Cosmonaute de papier
J’hésite à sortir. Par la fenêtre, je demande à un policier si on peut quitter son domicile et y revenir. Il me répond qu’il faut impérativement que je sois munie d’une pièce d’identité et d’un justificatif de domicile, une quittance d’électricité par exemple. En face, au café le Baromètre, un fonctionnaire de la police scientifique fait une pause. Il est vêtu d’une combinaison blanche, des chaussons de plastique bleu recouvrent ses souliers. Je crois qu’il fume une cigarette, cosmonaute de papier entre deux scènes d’horreur. Le matin, ils évacuaient encore des cadavres du Bataclan.
Tuyen m’invite à passer la journée chez lui, nos enfants sont amis. La veille, on s’est beaucoup téléphoné : comme moi, il était seul avec ses enfants lors de l’attaque. Sa femme était dans un restaurant du quartier et n’a pas pu les rejoindre. Les policiers ne laissaient passer personne ; mon compagnon s’est fait mettre en joue à trois maisons de chez nous alors qu’il tentait de nous retrouver. Tuyen habite juste à côté du Bataclan, au quatrième étage. Son appartement donne directement sur ce qui est devenu une scène de crime. Lui aussi réside de l’autre côté des barrières, à l’intérieur de cet espace momentanément sanctuarisé. Quand je pousse la porte de mon immeuble, seule avec mes enfants, je suis happée par le vide. Dans cette ville, personne n’est habitué au silence.
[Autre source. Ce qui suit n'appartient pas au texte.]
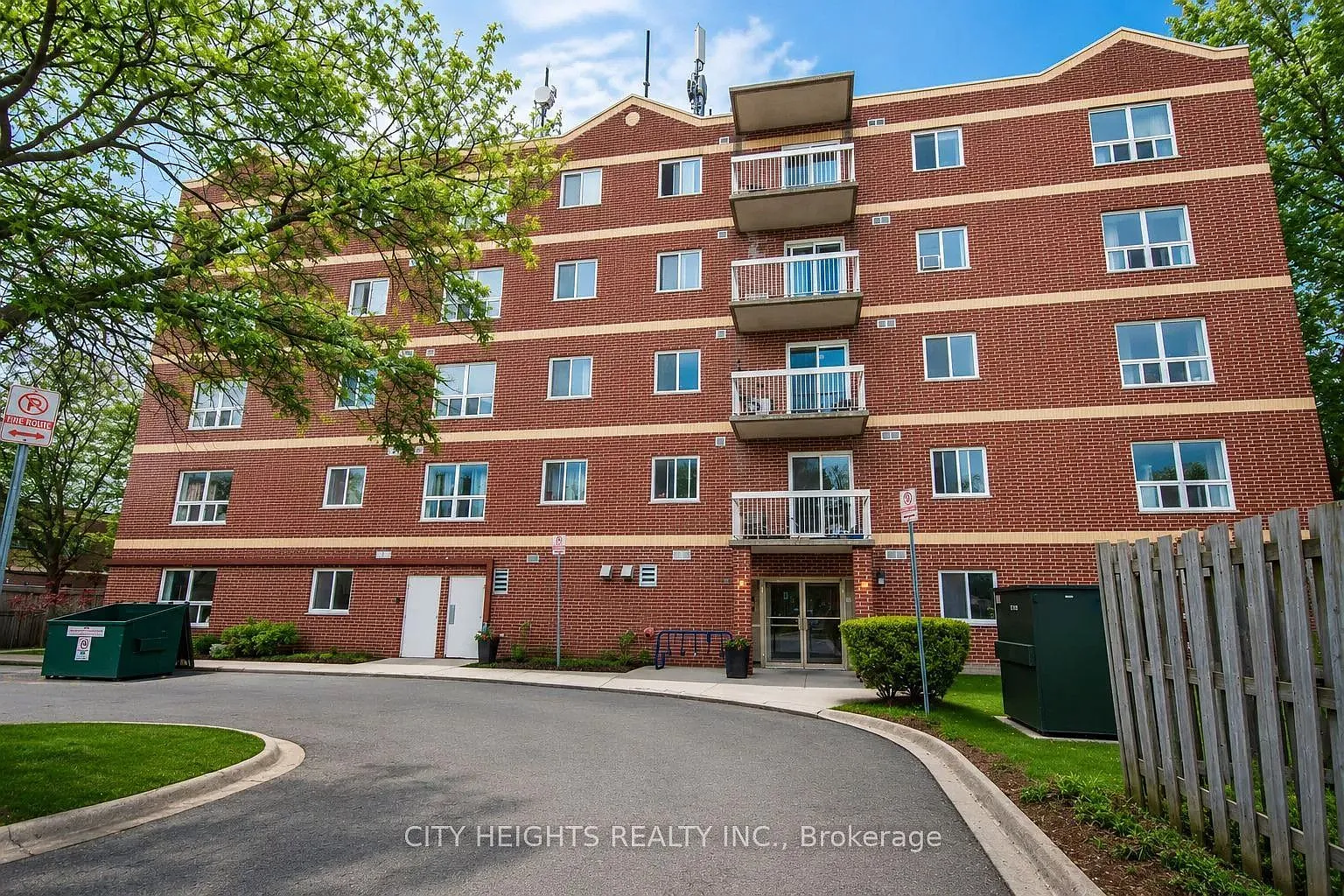 3 bed, $1,800 — Photo 1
Je sors du périmètre sous le regard des badauds. Beaucoup de journalistes sont groupés là, les camionnettes des régies télé sont installées non loin. Je sais qu’ils abordent les riverains pour trouver d’éventuels témoins qui étaient « aux premières loges ». Je regarde par terre et je marche vite. Je fais quelques courses, mon frigo est vide et j’imagine qu’il va falloir tenir quelque temps.
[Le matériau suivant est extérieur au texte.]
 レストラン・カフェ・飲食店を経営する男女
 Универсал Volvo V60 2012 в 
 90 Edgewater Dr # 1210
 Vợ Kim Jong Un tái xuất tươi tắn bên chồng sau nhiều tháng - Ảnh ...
Je retrouve Tuyen. Ensemble, nous fendons la masse des journalistes et pénétrons à nouveau dans la zone bouclée. Des blessés ont été soignés dans la nuit devant son immeuble. Sur le trottoir gît un foulard ensanglanté. Devant la porte, une paire de chaussures a été laissée là. Noires, virgule blanche. Elles tiennent droit, comme si leur propriétaire s’était déchaussé calmement, ce qui me semble impossible. Depuis le balcon de Tuyen, je regarde dehors. Des bâches dérobent à la vue de la rue l’entrée du Bataclan, un tracé blanc délimite au sol l’emplacement d’un cadavre. Des policiers s’affairent encore. À la terrasse du Bataclan Café qui jouxte la salle de concert, j’aperçois l’une des tables de bistrot renversée et une chaise à terre. Depuis la veille, rien n’a bougé. Le décor est de glace.
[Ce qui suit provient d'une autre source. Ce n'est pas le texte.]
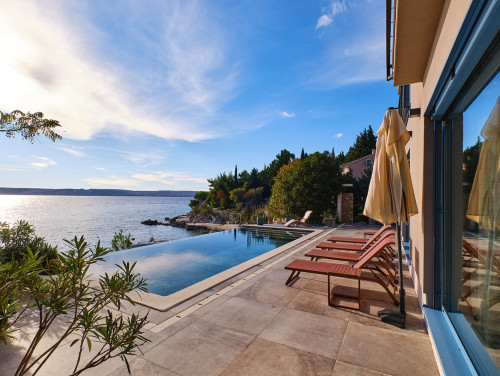 Villa Wind rose with pool&whirpool&sauna&beachfront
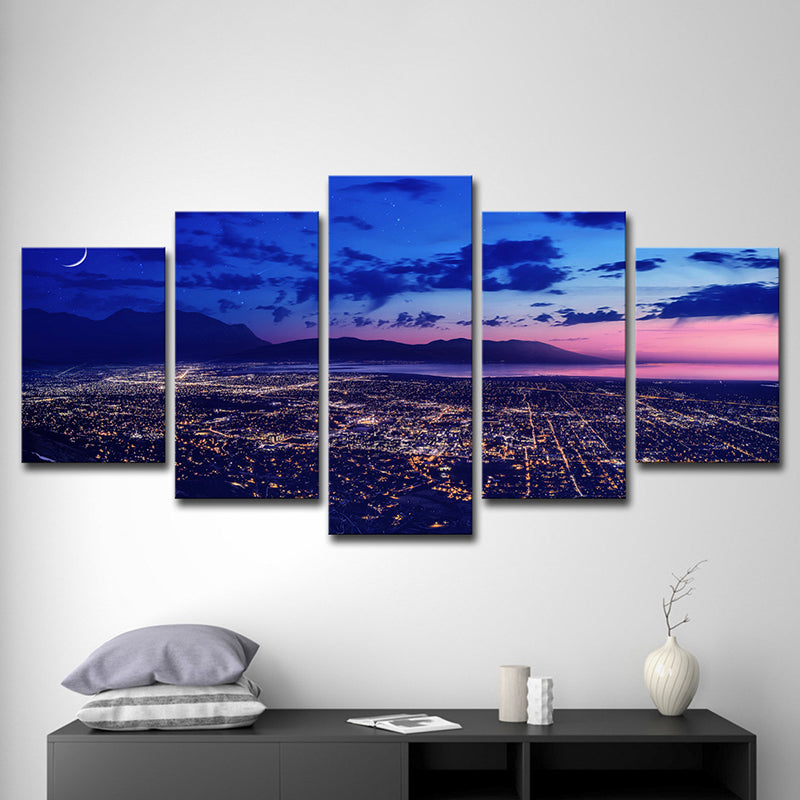 Glam Aerial View Wandkunst Print Purple Cityscape bei Nacht Leinwand Druck, Mehrfachteil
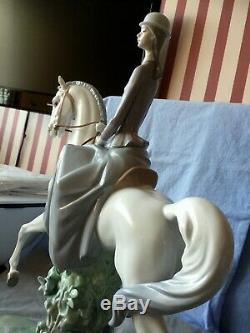 Lladro #4516'female Equestrian''amazona' Side Saddle Elegant Woman On Horse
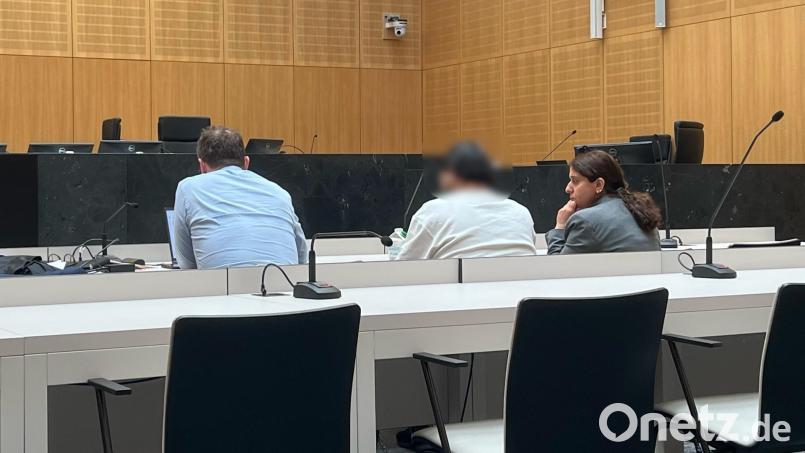 Der 25-jährige Angeklagte muss sich am Landgericht Weiden wegen gewerbs- sowie bandenmäßigen, lebensgefährdenden Einschleusens von Ausländern in vier Fällen verantworten. Bild: juh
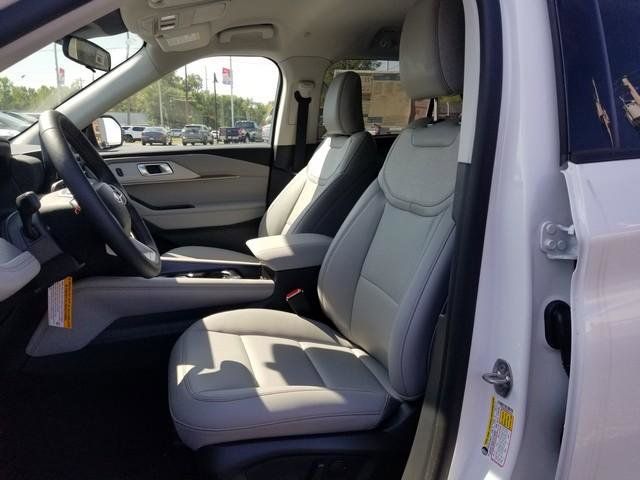 2025 Ford Explorer photo 14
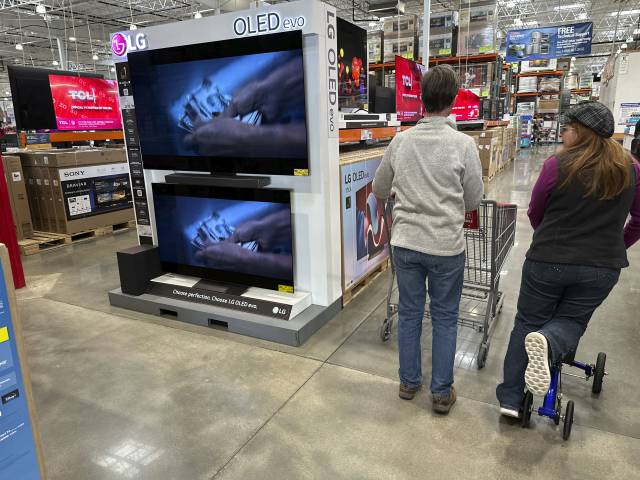 미국 콜로라도주 콜로라도 스프링의 코스트코매장에서 소비자들이 진열된 TV 옆을 지나고 있다. AP연합뉴스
À l’intérieur, on se tient chaud. On regarde les infos sur nos téléphones, on évite d’allumer la télé. Les enfants jouent avec des armes imaginaires, un bâton, une épée. Ils miment des scènes de guerre. Le plus petit, qui a 4 ans, a ressorti son déguisement complet de policier, casquette comprise. Sa mère me glisse que c’est la première fois qu’il s’en sert.